Rather than disect the report and its political implications, I’m going to use open-source tools to extract the text from the report. I’m also going to take advantage of the opportunity to use a new R package I’ve been wanting to try, ggpage by Emil Hvitfeldt to visualize the report’s pages and highlight the most-often referenced people in the report.
Extracting the report text with pdftools
I used the pdftools package by ROpenSci to extract the text from the document, using the report posted by @dataeditor of the Washington Post, available here. Extracting the text was as simple as downloading the PDF and running pdftools::pdf_text(). I added page and line numbers to the extracted text and stored the result as a CSV that you can download from the GitHub repository.
Recently, Emil Hvitfeldt released ggpage, a package that lets you create a page-layout visualization using ggplot2. While the package uses the text content of the document only — so the visualized text layout doesn’t completely match the layout of the original document — it does allow you to highlight text elements, like mentions of any of the recurring cast of characters in Stupid Watergate.
The first step is to load the text version of the Mueller report. You can see from the first few lines of the data that the OCR really struggled with the header that appears at the top of each page and has been crossed out with a single line. (The redacted text is less confusing to the OCR because it’s rendered in solid black and generally results in blank space.)
# A tibble: 19,195 × 3
page line text
<dbl> <dbl> <chr>
1 1 1 "U.S. Department of Justice"
2 1 2 "AttarAe:,c\\\\'erlc Predtiet // Mtt; CeA1:ttiA"
3 1 3 "Ma1:ertalPrn1:eetedUAder Fed. R. Crhtt. P. 6(e)"
4 1 4 "Report On The Investigation Into"
5 1 5 "Russian InterferenceIn The"
6 1 6 "2016 PresidentialElection"
7 1 7 "Volume I of II"
8 1 8 "Special Counsel Robert S. Mueller, III"
9 1 9 "Submitted Pursuant to 28 C.F.R. § 600.8(c)"

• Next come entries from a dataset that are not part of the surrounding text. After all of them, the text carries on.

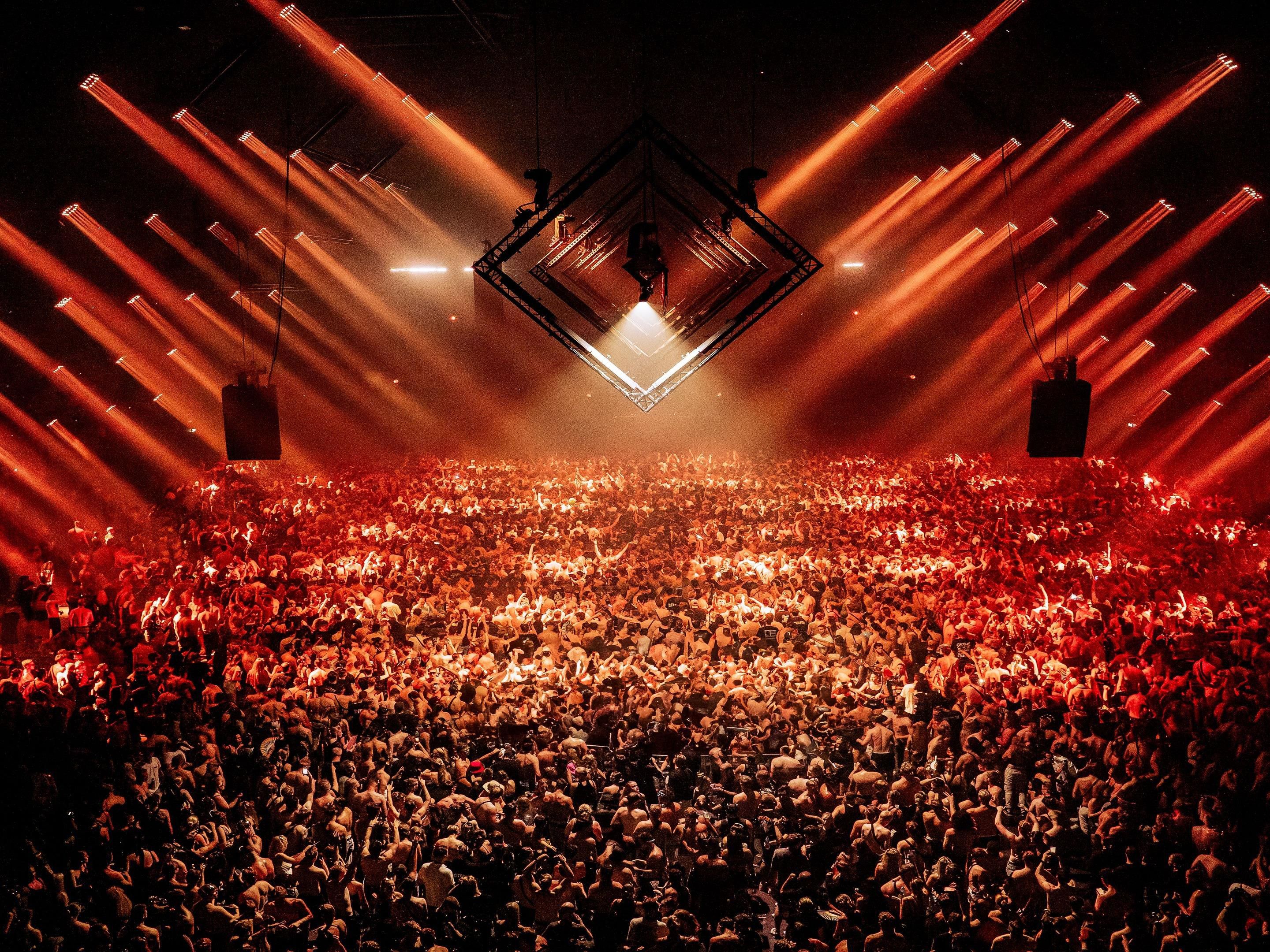 On August 30, 2025, Rotterdam Rave Festival 2025 will come to Rotterdam Ahoy! After a long night of raving, you can rest comfortably in our nearby hotel!
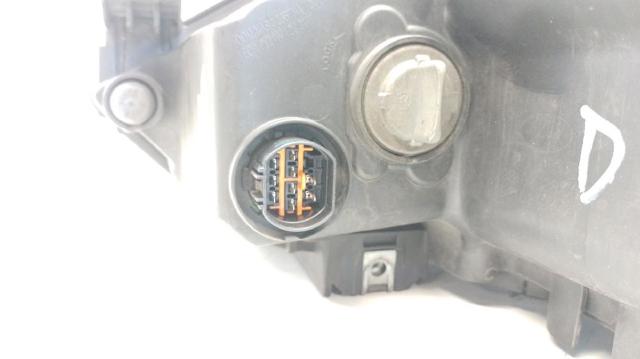 HYUNDAI 921022S620 Фара правая в наличии Черкассы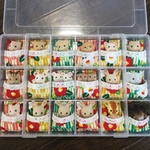 113【再販】シルバニア　赤ちゃん　ベッド　布団　ケース　収納　椿柄
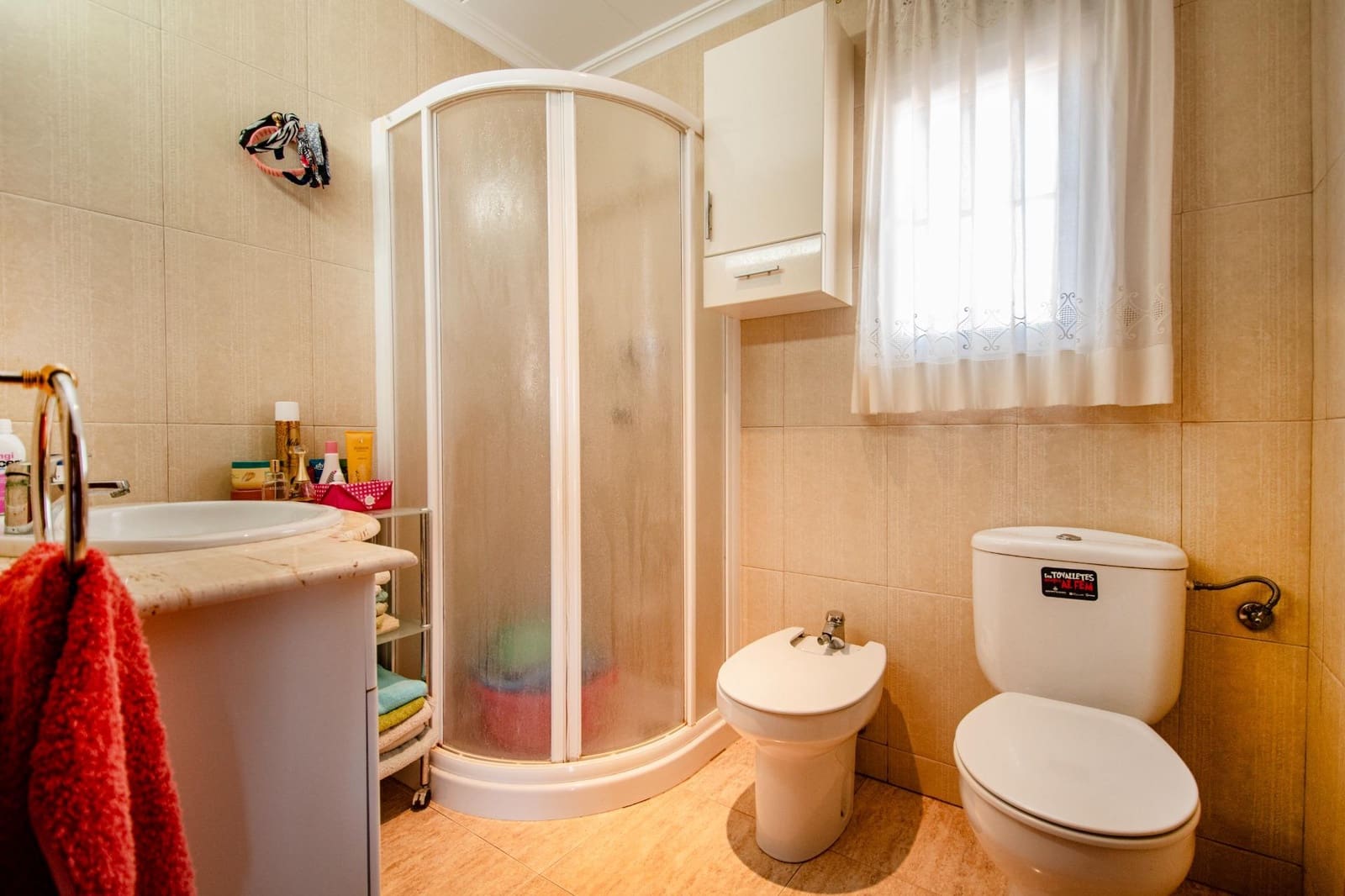 5 soveværelse Villa til salg i Montserrat med swimmingpool garage - € 410.000 (Ref: 9257240)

10 1 10 "Washington, D.C."
# … with 19,185 more rows
The core of the next step is to pass the mueller_report to ggpage::ggpage_build(). Before doing that, though, I pad each page to make sure they have the same number of lines. The ggpage_build() function tokenizes the text into individual words, so I then use str_detect() to find mentions of the key players.
Finally, ggpage_plot() from ggpage creates the ggplot2 page layout, and adding the fill aesthetic using the manual color scale defined above adds color highlights for mentions of Trump, Russia, and others.